Le 4 juillet, le député de la Somme avait annoncé, en cas de réélection au second tour des législatives, sa décision de ne plus siéger aux côtés de ses anciens camarades de la gauche radicale, qualifiant de « boulet » le chef de file des Insoumis, qui lui avait rendu la pareille en le traitant de « girouette ».

Brutale, cette rupture publique n’avait toutefois pas de quoi surprendre. Le nouvel échec de Jean-Luc Mélenchon à la dernière présidentielle, les divergences stratégiques, mais aussi les rivalités en interne nourrissaient à petit feu l’animosité grandissante entre les deux hommes depuis 2022. Jusqu’au point de non-retour.

Dans son nouveau livre paru le 11 septembre, Itinéraire. Ma France en entier, pas à moitié et dans plusieurs interviews, François Ruffin ne retient cependant plus ses attaques et tire désormais à boulets rouges contre son ancien camp : « Campagne au faciès », « parti où il y a de la peur », l’« épouvantail » électoral Mélenchon… le Picard pilonne comme jamais il ne l’avait fait auparavant son ancien camp.

Outre la critique sur les carences démocratiques d’un mouvement qui, en son sein, « ne laisse pas de place pour débattre, discuter, se contredire, échanger », ou encore sa charge contre les « apparatchiks » de LFI dont la « principale bataille » est « de faire la cour à Jean-Luc » pour obtenir des circonscriptions favorables, François Ruffin fustige aussi l’abandon de la classe ouvrière au profit des jeunes, des femmes et des minorités. Selon sa formule dans un entretien au Nouvel Obs, LFI a embrassé « la stratégie de Terra nova avec le ton du NPA ».

Ses électeurs d’Hénin-Beaumont, fief de Marine Le Pen, Jean-Luc Mélenchon les qualifieraient même « d’obèses » qui « sentent mauvais » et « transpirent l’alcool dès le matin ». À leur place, il convoite avec avidité le vote des banlieues, persuadé que les anciens bastions de la gauche sont définitivement acquis au RN. Hasard du calendrier, c’est la stratégie électorale décrite par Jean-Luc Mélenchon, filmé à son insu, lors de la manifestation du 7 septembre : « Il faut mobiliser la jeunesse et les quartiers.
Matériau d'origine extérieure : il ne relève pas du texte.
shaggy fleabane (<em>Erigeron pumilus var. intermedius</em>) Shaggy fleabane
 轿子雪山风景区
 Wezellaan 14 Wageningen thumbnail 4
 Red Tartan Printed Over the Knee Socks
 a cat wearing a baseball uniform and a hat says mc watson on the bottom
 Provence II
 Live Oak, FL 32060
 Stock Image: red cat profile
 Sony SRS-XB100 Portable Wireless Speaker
Tout le reste, laissez tomber, on perd notre temps. » Pour l’ancien journaliste, Jean-Luc Mélenchon « choisit l’abandon, et découpe la France en segments ».

Désireux d’illustrer cette volonté du parti de promouvoir son concept de « Nouvelle France » qui se fonde, à ses yeux, sur une base « spatiale et quasi-raciale », l’auteur du documentaire Merci Patron ! avoue même avoir effectué « un tractage au faciès » pendant la campagne présidentielle de 2022. Aux « électeurs Noirs et Arabes des cités d’Amiens-Nord », pour lesquels Jean-Luc Mélenchon serait « un passe-partout », une affichette avec la photo du patriarche. Aux électeurs blancs, pour lesquels le patriarche représenterait un repoussoir, un tract sans.

La riposte des rangs insoumis ne s’est pas faite attendre. D’abord les lieutenants : « C’est toi la honte », a répliqué crûment sur X la députée LFI Danièle Obono. De son côté, la députée Ersilia Soudais s’est dite « soulagée qu’un homme qui n’a jamais rien compris aux luttes antiracistes ait quitté notre groupe parlementaire », tandis qu’Antoine Léaument, partageant sa « déception », a reproché au député de la Somme d’être devenu « docile » vis-à-vis « du pouvoir ».

Ensuite, les leaders du mouvement. Jeudi 12 septembre, au micro de France Inter, Eric Coquerel a vu dans les propos de François Ruffin l’attitude d’un « sécessionniste » animé par des « ambitions présidentielles », ne réussissant toutefois que difficilement à neutraliser le réquisitoire du député de la Somme. Le soir même, c’est le bras droit de Jean-Luc Mélenchon, Manuel Bompard, qui a cette fois-ci pris la plume. Pour le coordinateur de la France insoumise, le fondateur du média Fakir répand des accusations « injustes, blessantes et douloureuses » et reprend un réquisitoire qui est « l’apanage de l’extrême droite » et « un mode de pensée réactionnaire, pas très éloigné malheureusement de celui des inventeurs du concept de grand remplacement ».

Au sein du Nouveau Front populaire, la gauche s’était déjà déchirée sur la désignation d’un éventuel Premier ministre. L’ouverture de ce nouveau front ne manquera pas de venir fissurer encore un peu plus ce fragile édifice bâti à la hâte avant les législatives, dont les principaux chefs de file ont néanmoins d’ores et déjà fait savoir qu’ils déposeraient une motion de censure contre le gouvernement de Michel Barnier.